# AVAILABLE DATA

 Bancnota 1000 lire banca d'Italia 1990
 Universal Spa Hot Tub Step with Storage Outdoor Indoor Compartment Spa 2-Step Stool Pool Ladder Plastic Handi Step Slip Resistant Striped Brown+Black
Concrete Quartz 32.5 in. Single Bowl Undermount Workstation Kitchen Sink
==
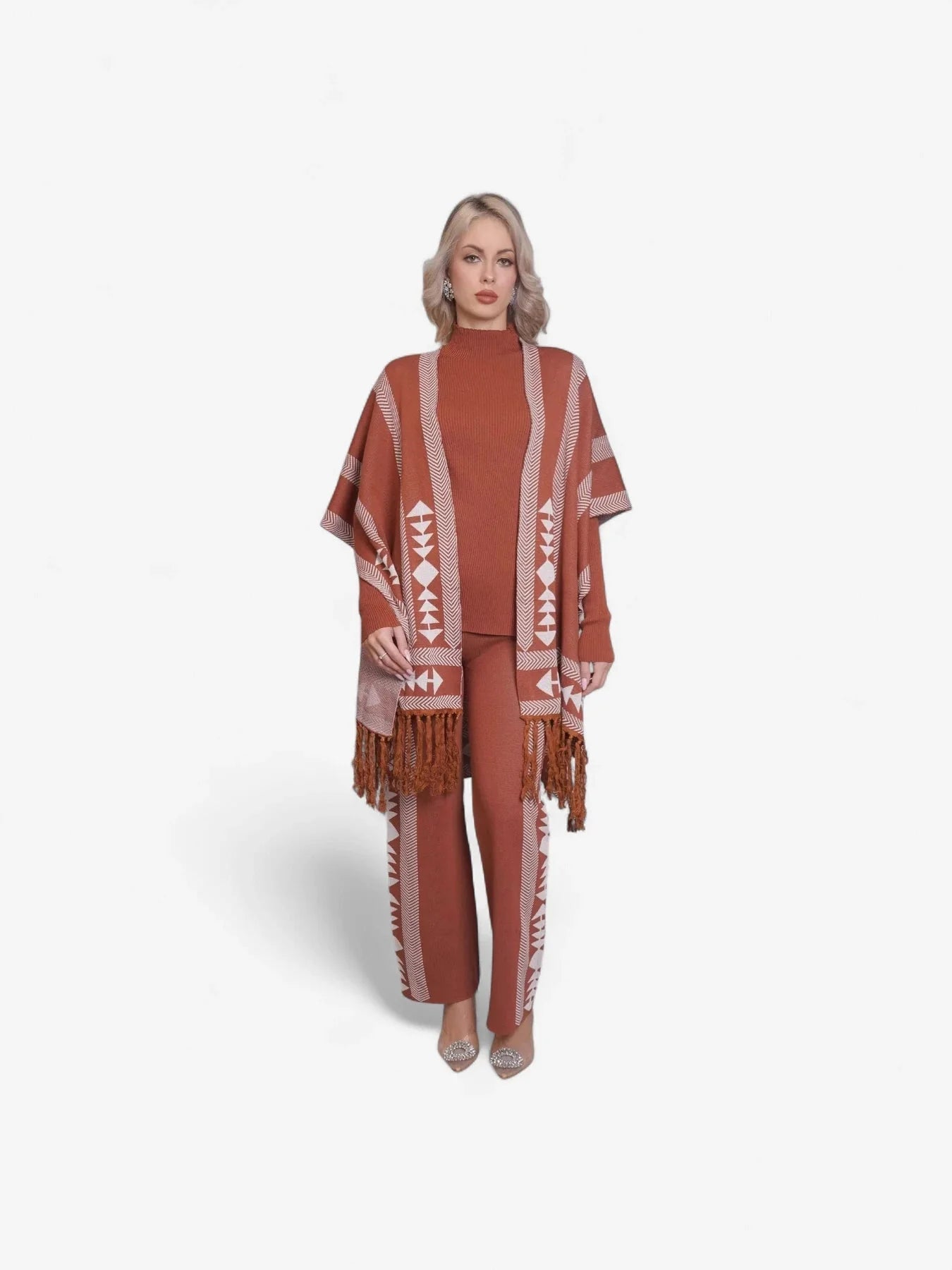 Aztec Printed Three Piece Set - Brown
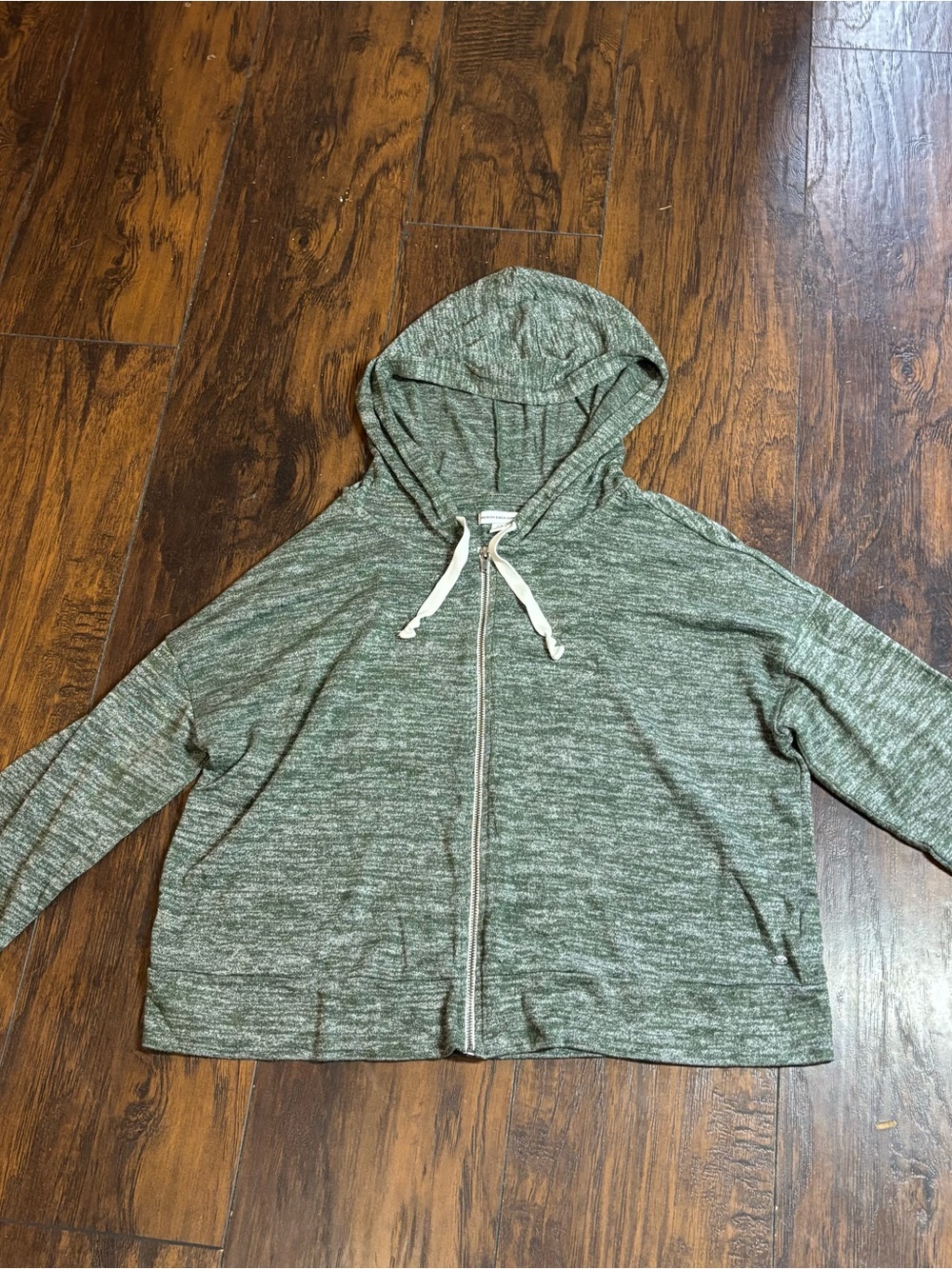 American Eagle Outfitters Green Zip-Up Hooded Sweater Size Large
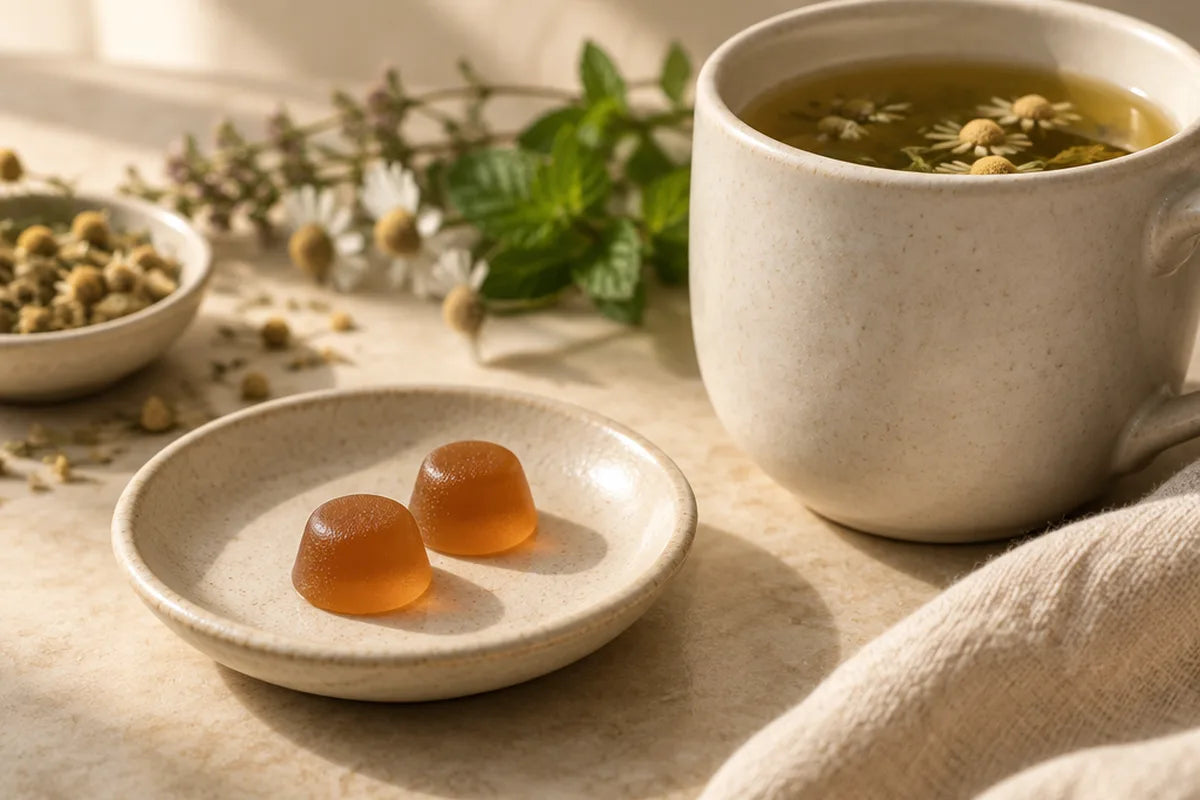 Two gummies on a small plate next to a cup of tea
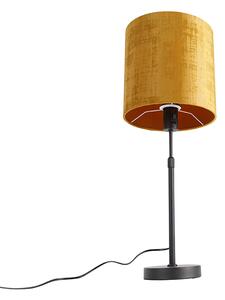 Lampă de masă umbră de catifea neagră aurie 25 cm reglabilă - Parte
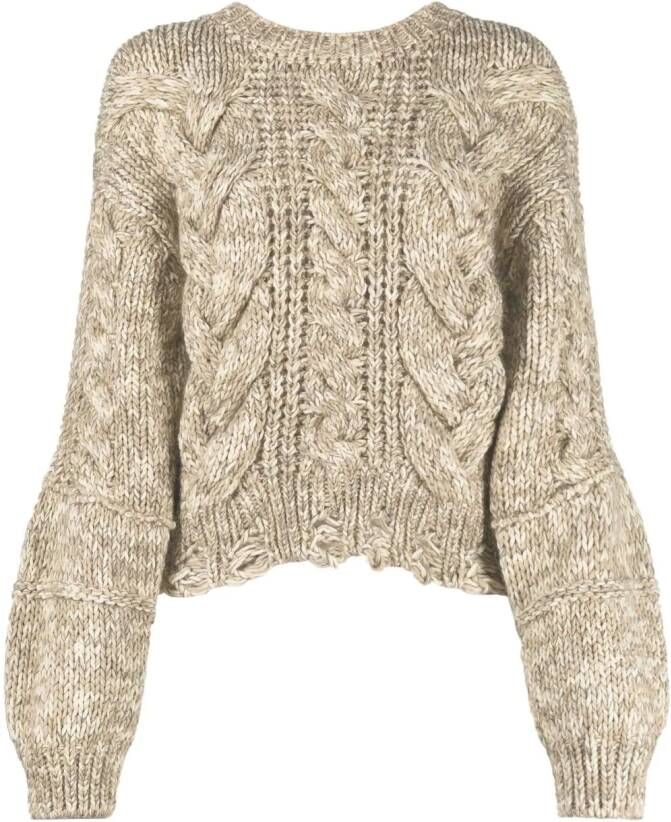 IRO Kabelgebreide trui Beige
---
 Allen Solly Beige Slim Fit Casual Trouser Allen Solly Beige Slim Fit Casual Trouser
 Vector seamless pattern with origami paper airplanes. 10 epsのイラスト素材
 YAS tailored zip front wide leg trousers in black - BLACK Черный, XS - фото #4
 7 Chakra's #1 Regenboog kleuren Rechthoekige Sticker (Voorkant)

# WHAT IS REQUIRED
Scan the data above for the word "with", then copy every line that holds it.

# RESULT
 Universal Spa Hot Tub Step with Storage Outdoor Indoor Compartment Spa 2-Step Stool Pool Ladder Plastic Handi Step Slip Resistant Striped Brown+Black
 Vector seamless pattern with origami paper airplanes. 10 epsのイラスト素材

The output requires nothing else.